MONDAY MORNING Mac met Mark Scott walking down the hall of the clinic with his little black-and-white mutt at his heels.
“Morning.” Mac bent down and scratched Nasdaq’s ears while the little dog wagged its whole body. “I need to talk to you. Ten o’clock.”
“Okay,” Mark said, looking at Mac suspiciously. “Please don’t tell me you’ve discovered the newest piece of equipment to make you the perfect surgeon and it only costs two million bucks. I get enough of that from my beloved wife.”
“Sarah simply believes in buying the best for our clients,” Mac said with a perfectly straight face.
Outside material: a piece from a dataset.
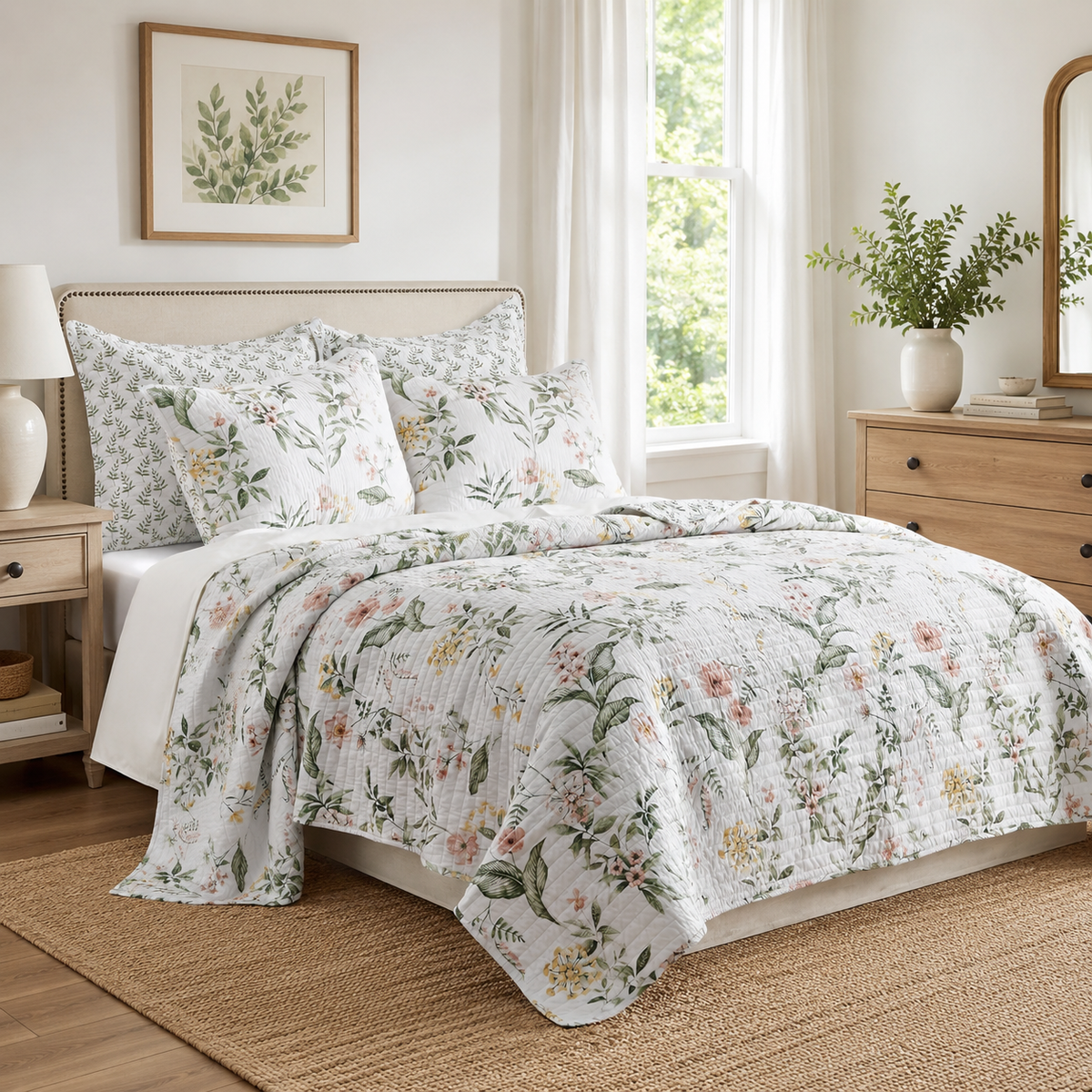 Cotton Queen King Size Quilt Bedding Set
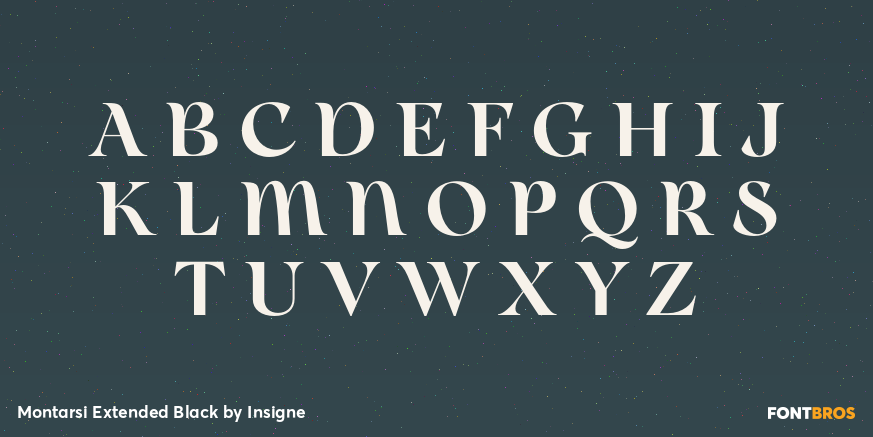 Montarsi Extended Black Font Poster #2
Mark rolled his eyes. “She’d been after me to buy the best from the first day she walked into this place. She made my life a living hell until I gave her what she wanted.” He grinned. “I got payback, though. She’s not only made me the perfect wife, she’s given me the perfect daughter. Not a bad trade-off for an ultrasound and a laser. So what do you want?”
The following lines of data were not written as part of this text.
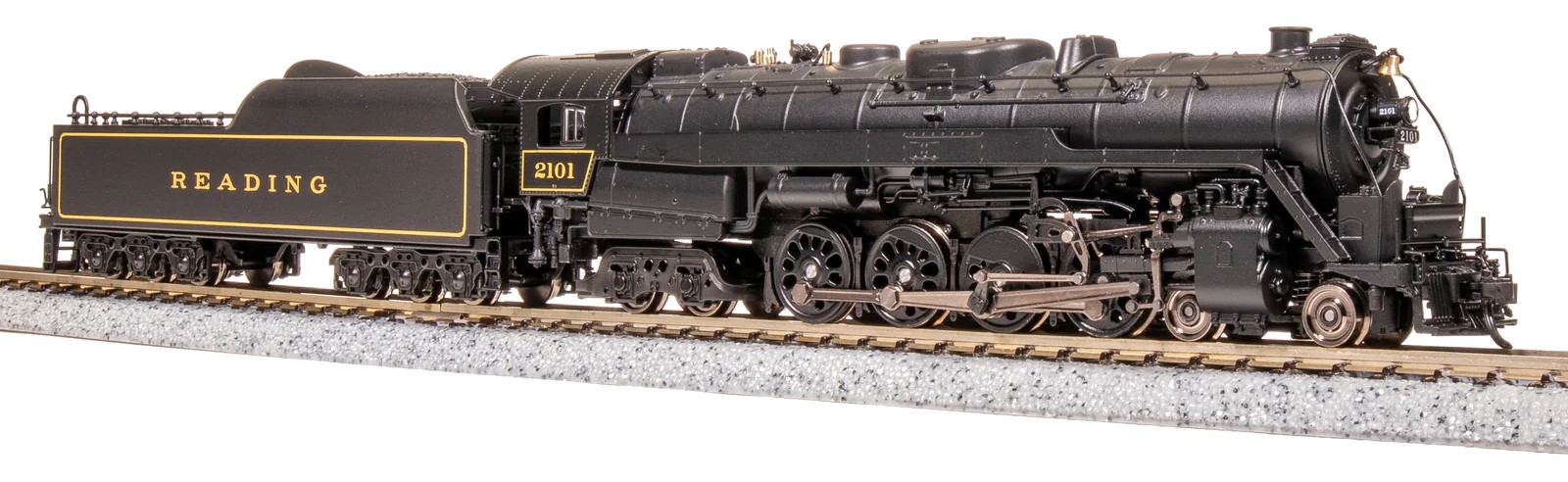 Broadway Limited Imports N 7400 Reading Class T-1 4-8-4 Locomotive Paragon4 Sound/DC/DCC/Smoke 'In Service Version' RDG #2101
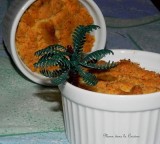 Crumble antillais : ananas, rhum-raisin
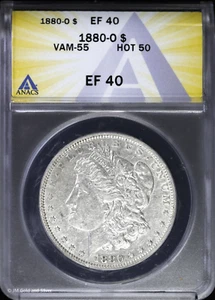 1880-O $1 Morgan Silver Dollar ANACS EF 40 | Vam-55 Hot 50 XF - Picture 1 of 4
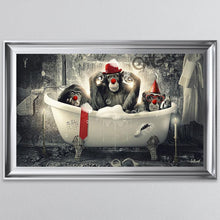 Load image into Gallery viewer, Monkey Wash Framed Wall Art 114*74cm
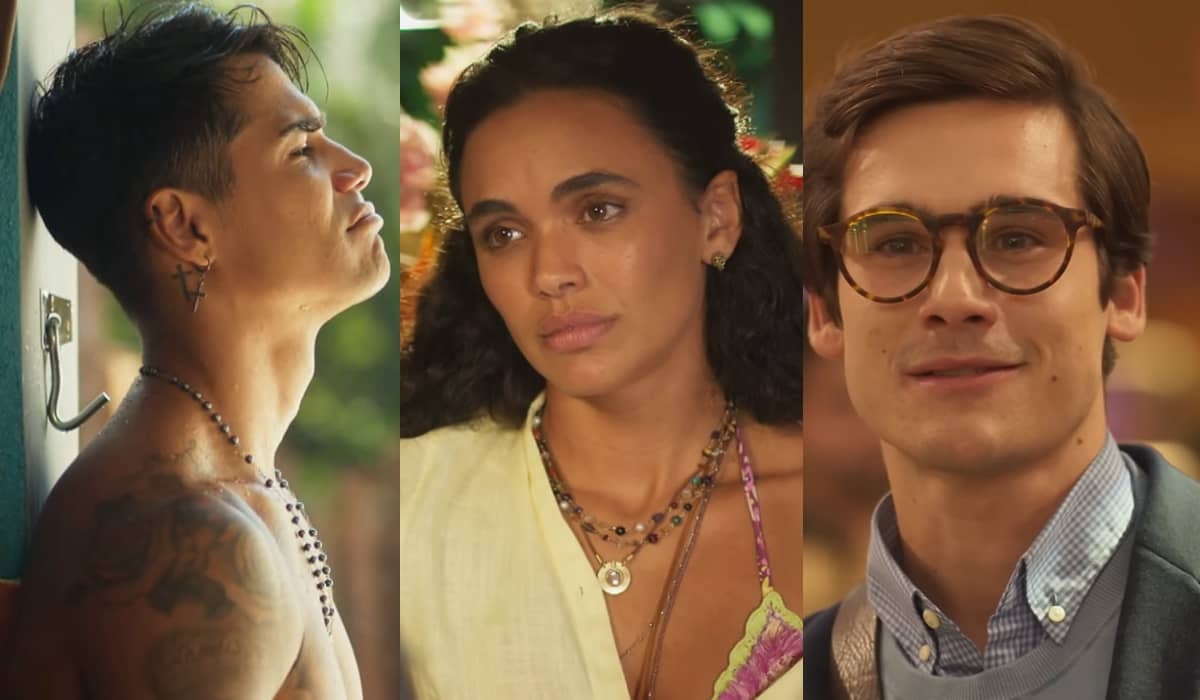 Jefinho fica devastado ao ver Luna e Miguel juntos em Fuzuê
As business manager of Creature Comfort as well as vice president of Buchanan Industries, Mark split his time between his cubbyhole in what had once been a storage room at Creature Comfort and a palatial office on the top floor of Buchanan Towers. Since Coy Buchanan—Rick Hazard’s father-in-law—had bankrolled Creature Comfort in the beginning, it was only right that Mark keep an eye on the clinic’s bottom line. However, clinic revenue had increased so much in recent months that he was around less and less these days.
“I do not want equipment.” Mac looked down at Nasdaq. “And put that dog on a diet.” He turned his back on Mark and walked toward his office.
He met Nancy coming out of his office with a sheaf of files in her hand.
“Oh, there you are,” she said, and thrust the files at him.
“And I’m supposed to do what with all this?”
“That’s a leading question, Doctor. Drink the coffee I just put on your desk and read them. You’re spaying a couple of cats at nine.”
“Great,” he muttered. Spaying cats, neutering dogs, stitching up gashes and pinning broken bones of animals whose owners let them loose in traffic. Was that all his life had become? He’d wanted to make a real difference. At least Sarah and Eleanor got to work on a variety of animals. The only time Mac saw the inside of a horse was when one of them needed his help, which, given their levels of proficiency, they seldom did. He badly needed a new challenge.
Maybe he should do what Liz Carlyle was doing—go back to school for a year and pick up an additional specialty.
He had a specialty, blast it. He was the best damn veterinary surgeon in the South—possibly the United States.
Yet he spent his nights watching television and his days spaying cats.
Maybe he should sign on for a tour of duty at one of the big African parks—they always needed vets. He could certainly afford six months of little or no money. Ngorongoro, maybe, or Kruger.
His partner, Rick, would have a heart attack if Mac even suggested a six-month leave of absence. He had responsibilities to the clinic.
“Your kitties are waiting for you,” Nancy said from the door.
“Shaved and prepped?”
“No, Doctor, I thought I’d leave all the prep work to you,” Nancy said with a sniff. “Of course they’re prepped. Come on, get your rear end in gear. You’ve got a full schedule, as you might know if you’d bothered to read what I left you.”
“Someday I’m going to fire you!” he called after her.
“One can but hope.”
He grinned. Anytime he started feeling sorry for himself, Nancy brought him up short. No matter how he snapped and snarled occasionally, he was doing the thing God had put him on this earth for, and doing it well.
Nancy, on the other hand, had been an up-and-coming professional Grand Prix show jumper on the verge of the big time—long-listed for the Olympics. Then the degeneration in her cervical vertebrae progressed so far and so fast that riding became agony for her.
Three operations had relieved most of the pain, but she could never ride again. She seldom talked about her neck, and when she did, she joked about it. But every time a horse came into the clinic, whether it was a small pony or that Percheron mare with the foal, she would go back to the stalls on her lunch hour to pet and hug it. Her eyes were always suspiciously red afterward.